Los manuales de autoestima, los programas de radio y de televisión con consejos sobre técnicas de control orgásmico, la cirugía estética con la promesa que la mirada que el sujeto recibe cambiará, las baterías de test de evaluación de la personalidad o del nivel de autoestima o ansiedad, van generando una lenta psicotización de los ciudadanos. Efectos que observamos, a través del relato de los pacientes sometidos a la servidumbre del sexo, es decir, a la genitalización de la sexualidad: sujetos apabullados por consejos, consignas, estadísticas sobre el rendimiento sexual, etc., ya que como señala De Brasi «…en el sexo quizá, se está jugando el mayor nivel de explotación que conoce la historia del hombre» [3], explotación auspiciada por la industria cosmética, farmacológica, la cirugía plástica o la soberanía del cuerpo y del sexo propios.
En «El malestar en la cultura» [4], Freud destaca que el sufrimiento nos amenaza por tres lados:
■■ desde el propio cuerpo, condenado a la decadencia y a la aniquilación, sin poder prescindir de los signos de alarma que representan el dolor y la angustia;
■■ del mundo exterior, capaz de encarnizarse en nosotros con fuerzas de la naturaleza destructoras omnipotentes e implacables;
■■ de las relaciones con otros seres humanos.
El sufrimiento que emana de esta última fuente, nos dice Freud, quizá nos sea más doloroso que cualquier otro, pero es en este territorio vincular donde el sujeto puede hacer algo más. Así mismo, la finalidad de evitar el sufrimiento relega a un segundo plano la de lograr el placer y en todo caso las tentativas de alcanzar éste pueden llevarnos por caminos muy distintos: por un lado la búsqueda de la satisfacción ilimitada de todas las necesidades se impone como la conducta más tentadora, pero esto significa preferir el placer y el goce a la prudencia y a poco de practicar esta búsqueda un sujeto, cuando faltan los límites que la encauzan, emergerán consecuencias en principio no deseadas.
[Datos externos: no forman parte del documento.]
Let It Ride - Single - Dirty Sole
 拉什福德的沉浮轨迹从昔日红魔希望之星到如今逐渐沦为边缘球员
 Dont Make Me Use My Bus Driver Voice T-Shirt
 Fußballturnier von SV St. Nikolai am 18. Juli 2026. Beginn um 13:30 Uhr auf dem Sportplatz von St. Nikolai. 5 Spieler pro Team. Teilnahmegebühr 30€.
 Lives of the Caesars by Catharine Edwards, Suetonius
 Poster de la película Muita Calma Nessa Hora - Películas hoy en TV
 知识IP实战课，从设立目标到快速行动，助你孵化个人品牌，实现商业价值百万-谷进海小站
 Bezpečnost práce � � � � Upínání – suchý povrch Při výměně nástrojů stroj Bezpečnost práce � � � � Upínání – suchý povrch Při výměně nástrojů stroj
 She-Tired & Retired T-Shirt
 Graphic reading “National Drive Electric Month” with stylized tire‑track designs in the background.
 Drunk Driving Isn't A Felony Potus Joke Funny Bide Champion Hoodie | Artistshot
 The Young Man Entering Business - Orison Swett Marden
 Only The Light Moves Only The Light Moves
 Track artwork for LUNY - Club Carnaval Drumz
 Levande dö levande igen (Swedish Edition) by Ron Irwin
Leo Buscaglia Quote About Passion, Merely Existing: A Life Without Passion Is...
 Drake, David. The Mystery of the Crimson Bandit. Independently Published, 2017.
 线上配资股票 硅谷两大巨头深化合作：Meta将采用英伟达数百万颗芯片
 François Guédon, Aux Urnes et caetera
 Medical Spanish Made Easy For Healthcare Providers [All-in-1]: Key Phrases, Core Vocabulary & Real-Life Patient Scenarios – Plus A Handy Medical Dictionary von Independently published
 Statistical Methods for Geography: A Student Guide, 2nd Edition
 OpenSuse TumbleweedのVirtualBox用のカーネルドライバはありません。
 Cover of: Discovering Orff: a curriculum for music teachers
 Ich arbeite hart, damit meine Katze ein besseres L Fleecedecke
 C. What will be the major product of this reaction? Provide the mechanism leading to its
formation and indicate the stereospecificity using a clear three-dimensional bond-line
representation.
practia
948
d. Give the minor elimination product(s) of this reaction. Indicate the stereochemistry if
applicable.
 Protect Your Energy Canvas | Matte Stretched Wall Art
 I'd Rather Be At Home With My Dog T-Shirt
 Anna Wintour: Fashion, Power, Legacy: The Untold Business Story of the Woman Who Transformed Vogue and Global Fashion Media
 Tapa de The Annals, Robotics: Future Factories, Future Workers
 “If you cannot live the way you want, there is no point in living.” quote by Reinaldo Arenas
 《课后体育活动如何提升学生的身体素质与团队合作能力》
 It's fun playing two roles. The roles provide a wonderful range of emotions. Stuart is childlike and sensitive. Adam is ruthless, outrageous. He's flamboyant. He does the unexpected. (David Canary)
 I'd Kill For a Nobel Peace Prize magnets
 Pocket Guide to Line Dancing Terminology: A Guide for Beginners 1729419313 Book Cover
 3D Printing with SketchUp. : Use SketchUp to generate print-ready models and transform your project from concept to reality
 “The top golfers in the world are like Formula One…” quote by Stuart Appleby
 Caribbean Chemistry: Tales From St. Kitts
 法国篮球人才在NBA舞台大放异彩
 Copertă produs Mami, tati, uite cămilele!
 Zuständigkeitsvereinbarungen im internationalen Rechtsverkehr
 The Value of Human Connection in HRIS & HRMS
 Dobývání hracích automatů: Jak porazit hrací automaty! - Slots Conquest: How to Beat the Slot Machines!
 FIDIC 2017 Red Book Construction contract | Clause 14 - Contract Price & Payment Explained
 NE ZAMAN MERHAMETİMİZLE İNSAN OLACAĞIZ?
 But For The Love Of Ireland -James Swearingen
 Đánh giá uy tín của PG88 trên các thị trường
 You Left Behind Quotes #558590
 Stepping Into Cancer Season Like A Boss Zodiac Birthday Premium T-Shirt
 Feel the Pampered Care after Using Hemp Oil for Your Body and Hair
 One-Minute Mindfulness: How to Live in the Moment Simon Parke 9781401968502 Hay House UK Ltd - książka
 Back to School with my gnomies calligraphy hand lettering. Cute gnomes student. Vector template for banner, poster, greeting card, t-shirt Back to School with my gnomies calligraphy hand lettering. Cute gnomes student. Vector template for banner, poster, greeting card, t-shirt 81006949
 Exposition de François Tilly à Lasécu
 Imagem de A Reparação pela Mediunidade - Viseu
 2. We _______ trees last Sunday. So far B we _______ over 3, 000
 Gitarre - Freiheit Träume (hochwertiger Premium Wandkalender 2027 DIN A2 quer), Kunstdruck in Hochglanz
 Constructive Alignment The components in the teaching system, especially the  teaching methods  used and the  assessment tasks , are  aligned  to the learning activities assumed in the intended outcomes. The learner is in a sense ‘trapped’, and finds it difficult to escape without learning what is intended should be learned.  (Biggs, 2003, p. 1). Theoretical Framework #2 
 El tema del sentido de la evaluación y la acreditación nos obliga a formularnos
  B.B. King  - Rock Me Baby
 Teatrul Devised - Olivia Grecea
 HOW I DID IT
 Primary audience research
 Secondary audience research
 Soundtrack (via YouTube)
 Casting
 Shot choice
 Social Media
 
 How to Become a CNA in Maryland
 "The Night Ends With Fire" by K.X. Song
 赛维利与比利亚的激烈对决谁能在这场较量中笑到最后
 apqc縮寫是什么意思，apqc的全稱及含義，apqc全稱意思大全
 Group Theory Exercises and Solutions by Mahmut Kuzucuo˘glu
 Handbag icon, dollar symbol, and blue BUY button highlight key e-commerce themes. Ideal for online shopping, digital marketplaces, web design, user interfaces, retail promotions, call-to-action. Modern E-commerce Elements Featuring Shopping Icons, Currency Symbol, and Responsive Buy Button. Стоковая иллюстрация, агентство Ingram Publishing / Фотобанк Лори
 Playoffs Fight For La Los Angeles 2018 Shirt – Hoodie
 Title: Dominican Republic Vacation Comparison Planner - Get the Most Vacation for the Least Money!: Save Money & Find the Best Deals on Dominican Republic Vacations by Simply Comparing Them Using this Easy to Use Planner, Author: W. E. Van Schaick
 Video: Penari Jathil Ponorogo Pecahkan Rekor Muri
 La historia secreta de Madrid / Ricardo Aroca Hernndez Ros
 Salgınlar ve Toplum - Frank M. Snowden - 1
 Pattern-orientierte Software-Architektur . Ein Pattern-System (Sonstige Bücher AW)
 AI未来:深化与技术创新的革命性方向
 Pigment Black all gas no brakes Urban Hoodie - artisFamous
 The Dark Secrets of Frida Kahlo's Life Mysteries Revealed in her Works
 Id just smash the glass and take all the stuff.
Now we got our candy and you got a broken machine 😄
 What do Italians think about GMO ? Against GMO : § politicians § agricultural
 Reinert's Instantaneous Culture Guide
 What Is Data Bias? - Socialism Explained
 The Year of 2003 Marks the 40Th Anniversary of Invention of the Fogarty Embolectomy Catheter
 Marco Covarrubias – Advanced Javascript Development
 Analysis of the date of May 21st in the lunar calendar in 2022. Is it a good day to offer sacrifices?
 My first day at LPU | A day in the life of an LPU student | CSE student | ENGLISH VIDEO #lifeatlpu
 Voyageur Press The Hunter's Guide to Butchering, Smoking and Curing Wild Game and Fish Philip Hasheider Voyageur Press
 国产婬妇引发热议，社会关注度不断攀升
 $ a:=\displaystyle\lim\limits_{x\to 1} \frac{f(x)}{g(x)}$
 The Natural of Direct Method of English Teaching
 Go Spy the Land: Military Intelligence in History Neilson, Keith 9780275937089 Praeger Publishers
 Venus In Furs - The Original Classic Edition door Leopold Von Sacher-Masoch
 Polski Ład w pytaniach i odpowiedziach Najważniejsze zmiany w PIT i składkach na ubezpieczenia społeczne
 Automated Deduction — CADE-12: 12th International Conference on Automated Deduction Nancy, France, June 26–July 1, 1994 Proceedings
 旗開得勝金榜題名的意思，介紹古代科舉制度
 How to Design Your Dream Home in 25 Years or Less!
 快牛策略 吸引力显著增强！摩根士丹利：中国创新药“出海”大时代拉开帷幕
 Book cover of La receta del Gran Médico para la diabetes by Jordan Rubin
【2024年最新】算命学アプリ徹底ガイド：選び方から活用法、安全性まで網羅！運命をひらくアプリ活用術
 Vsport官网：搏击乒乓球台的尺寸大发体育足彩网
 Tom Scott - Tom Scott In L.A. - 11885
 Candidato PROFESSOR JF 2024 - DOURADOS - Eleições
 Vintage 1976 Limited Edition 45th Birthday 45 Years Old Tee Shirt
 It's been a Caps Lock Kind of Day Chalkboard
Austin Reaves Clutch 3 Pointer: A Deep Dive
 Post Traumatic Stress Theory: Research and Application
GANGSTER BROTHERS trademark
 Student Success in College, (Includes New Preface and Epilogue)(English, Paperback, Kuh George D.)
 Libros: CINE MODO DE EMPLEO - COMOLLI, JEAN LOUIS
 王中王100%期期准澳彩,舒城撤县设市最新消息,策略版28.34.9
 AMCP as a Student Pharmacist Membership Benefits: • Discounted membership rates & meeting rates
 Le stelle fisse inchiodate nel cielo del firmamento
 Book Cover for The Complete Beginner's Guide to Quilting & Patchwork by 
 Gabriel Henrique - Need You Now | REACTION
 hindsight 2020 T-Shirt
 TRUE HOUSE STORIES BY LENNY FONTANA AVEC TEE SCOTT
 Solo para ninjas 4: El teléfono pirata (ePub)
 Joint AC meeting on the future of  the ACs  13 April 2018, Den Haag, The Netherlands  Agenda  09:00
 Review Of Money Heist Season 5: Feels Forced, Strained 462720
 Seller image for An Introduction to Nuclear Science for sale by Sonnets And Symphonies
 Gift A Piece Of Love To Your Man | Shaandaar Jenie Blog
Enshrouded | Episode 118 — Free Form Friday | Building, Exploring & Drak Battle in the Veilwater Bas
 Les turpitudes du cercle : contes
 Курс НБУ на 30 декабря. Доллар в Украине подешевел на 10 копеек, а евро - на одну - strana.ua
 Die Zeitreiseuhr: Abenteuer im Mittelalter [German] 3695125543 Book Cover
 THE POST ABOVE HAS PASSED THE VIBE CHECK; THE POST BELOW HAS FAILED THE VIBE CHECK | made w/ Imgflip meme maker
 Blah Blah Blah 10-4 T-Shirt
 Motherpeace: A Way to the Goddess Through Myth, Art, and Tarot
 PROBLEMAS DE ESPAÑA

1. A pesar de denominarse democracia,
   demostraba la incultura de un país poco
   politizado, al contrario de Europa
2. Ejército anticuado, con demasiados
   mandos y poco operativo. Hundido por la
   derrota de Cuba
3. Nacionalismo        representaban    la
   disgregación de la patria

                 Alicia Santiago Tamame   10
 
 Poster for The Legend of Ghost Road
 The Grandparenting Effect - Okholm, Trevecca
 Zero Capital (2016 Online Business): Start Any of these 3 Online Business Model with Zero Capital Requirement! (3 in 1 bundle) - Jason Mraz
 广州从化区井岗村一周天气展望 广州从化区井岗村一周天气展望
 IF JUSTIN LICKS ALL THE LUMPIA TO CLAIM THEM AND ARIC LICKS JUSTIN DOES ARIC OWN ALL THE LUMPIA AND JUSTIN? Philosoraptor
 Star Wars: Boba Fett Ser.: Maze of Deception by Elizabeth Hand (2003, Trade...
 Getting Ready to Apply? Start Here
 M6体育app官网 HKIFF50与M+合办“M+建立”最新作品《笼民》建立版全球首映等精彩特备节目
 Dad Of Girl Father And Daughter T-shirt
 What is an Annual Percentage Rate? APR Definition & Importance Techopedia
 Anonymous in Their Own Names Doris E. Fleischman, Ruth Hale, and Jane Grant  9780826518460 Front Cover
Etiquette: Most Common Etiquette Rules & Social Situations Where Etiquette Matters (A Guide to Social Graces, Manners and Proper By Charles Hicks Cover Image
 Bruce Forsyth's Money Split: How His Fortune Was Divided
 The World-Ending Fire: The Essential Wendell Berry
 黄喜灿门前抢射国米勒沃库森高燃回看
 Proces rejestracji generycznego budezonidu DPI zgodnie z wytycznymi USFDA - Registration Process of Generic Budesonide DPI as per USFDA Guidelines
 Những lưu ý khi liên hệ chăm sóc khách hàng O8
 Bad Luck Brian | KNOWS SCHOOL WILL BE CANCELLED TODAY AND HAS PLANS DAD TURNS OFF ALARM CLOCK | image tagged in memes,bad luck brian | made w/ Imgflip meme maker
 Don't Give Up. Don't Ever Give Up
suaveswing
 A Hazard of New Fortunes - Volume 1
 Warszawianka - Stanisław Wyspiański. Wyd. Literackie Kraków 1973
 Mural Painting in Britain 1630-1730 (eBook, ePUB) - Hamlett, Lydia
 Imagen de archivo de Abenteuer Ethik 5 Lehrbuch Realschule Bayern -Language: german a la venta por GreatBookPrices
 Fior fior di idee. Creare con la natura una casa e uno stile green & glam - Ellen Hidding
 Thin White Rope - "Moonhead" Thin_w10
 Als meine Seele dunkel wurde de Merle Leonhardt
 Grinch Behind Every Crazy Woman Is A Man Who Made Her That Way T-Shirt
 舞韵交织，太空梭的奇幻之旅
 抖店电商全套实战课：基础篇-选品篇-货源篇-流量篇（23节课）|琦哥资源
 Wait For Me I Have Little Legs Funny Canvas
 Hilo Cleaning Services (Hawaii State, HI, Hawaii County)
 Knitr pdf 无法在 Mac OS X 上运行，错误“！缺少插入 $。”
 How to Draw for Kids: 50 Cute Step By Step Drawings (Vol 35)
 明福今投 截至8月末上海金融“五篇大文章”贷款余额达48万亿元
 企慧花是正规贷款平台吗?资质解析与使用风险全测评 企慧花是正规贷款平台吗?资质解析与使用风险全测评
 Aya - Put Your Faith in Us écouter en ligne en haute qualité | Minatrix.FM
La evitación del sufrimiento, destaca Freud, puede buscarse por diferentes caminos, diferenciándose éstos según la fuente de displacer a la que se concede máxima atención; estos caminos serían:
■■ el aislamiento voluntario, el alejamiento de los demás, que sería el método de protección más inmediato contra el sufrimiento susceptible de originarse en las relaciones humanas;
■■ el recurso a la química, a través de la intoxicación con sustancias cuya presencia en la sangre o en los órganos proporcionan sensaciones placenteras de fuga momentánea que producirá una felicidad paradójica, modificando nuestra sensibilidad, proporcionando proporcionando un «placer» inmediato, sin mediación de la palabra, que da una aparente independencia del mundo exterior: «… los hombres saben que con ese “quitapenas” siempre podrán escapar al peso de la realidad, refugiándose en un mundo propio que en realidad no les pertenece» [5].
Otra posible vía para evitar el sufrimiento, afirma Freud, consiste en reorientar los fines pulsionales eludiendo la frustración del mundo exterior a través de la sublimación de las pulsiones, cuyo sendero sería, por ejemplo, el proceso creador del artista o el trabajo de los oficios artesanales, que a su vez incorporan al sujeto a la comunidad humana:
La posibilidad de desplazar al trabajo y a las relaciones humanas con él vinculadas una parte muy considerable de los componentes narcisistas, agresivos y aun eróticos de la libido, confiere a aquellas actividades un valor que nada cede en importancia al que tienen como condiciones imprescindibles para mantener y justificar la existencia social. La actividad profesional ofrece particular satisfacción cuando ha sido libremente elegida, no obstante, el trabajo es menospreciado por el hombre como camino a la felicidad. No se precipita a él como a otras fuentes de goce [6].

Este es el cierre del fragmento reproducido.